Scenarios after IO errors

The bare minimum of error handling is to propagate errors with if err != nil. Next, consider the possibility of using the DB after an IO error (fsync or write).

Revert to the previous version

There is a survey on the handling of fsync failures. From which we can learn that the topic is filesystem dependent. If we read after an fsync failure, some filesystems return the failed data as the page cache doesn’t match the disk. So reading back failed writes is problematic.

But since we’re copy-on-write, this is not a problem; we can revert to the old tree root to avoid the problematic data. The tree root is stored in the meta page, but we never read the meta page from disk after opening a DB, so we’ll just revert the in-memory root pointer.

func (db *KV) Set(key []byte, val []byte) error {
    meta := saveMeta(db) // save the in-memory state (tree root)
    db.tree.Insert(key, val)
    return updateOrRevert(db, meta)
}

func updateOrRevert(db *KV, meta []byte) error {
    // 2-phase update
    err := updateFile(db)
    // revert on error
    if err != nil {
        // the in-memory states can be reverted immediately to allow reads
        loadMeta(db, meta)
        // discard temporaries
        db.page.temp = db.page.temp[:0]
    }
    return err
}

So after a write failure, it’s still possible to use the DB in read-only mode. Reads can also fail, but we’re using mmap, on a read error the process is just killed by SIGBUS. That’s one of the drawbacks of mmap.

Recover from temporary write errors

Some write errors are temporary, such as “no space left”. If an update fails and then the next succeeds, the end state is still good. The problem is the intermediate state: between the 2 updates, the content of the meta page on disk is unknown!

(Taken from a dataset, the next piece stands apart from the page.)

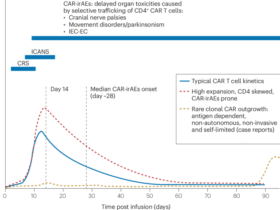 Spectrum, pathobiology, mechanistic insights and diagnostic challenges of post-CAR T cell therapy lymphoproliferative disorders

If fsync fails on the meta page, the meta page on disk can be either the new or the old version, while the in-memory tree root is the old version. So the 2nd successful update will overwrite the data pages of the newer version, which can be left in a corrupted intermediate state if crashed.

The solution is to rewrite the last known meta page on recovery.

type KV struct {
    // ...
    failed bool // Did the last update fail?
}

func updateOrRevert(db *KV, meta []byte) error {
    // ensure the on-disk meta page matches the in-memory one after an error
    if db.failed {
        // write and fsync the previous meta page
        // ...
        db.failed = false
    }
    err := updateFile(db)
    if err != nil {
        // the on-disk meta page is in an unknown state;
        // mark it to be rewritten on later recovery.
        db.failed = true
        // ...
    }
    return err
}

We rely on filesystems to report errors correctly, but there is evidence that they don’t. So can the system as a whole handle errors is still doubtful.

6.7 Summary of the append-only KV store

B+tree on disk is a major step. We just have to add a free list to make it practical.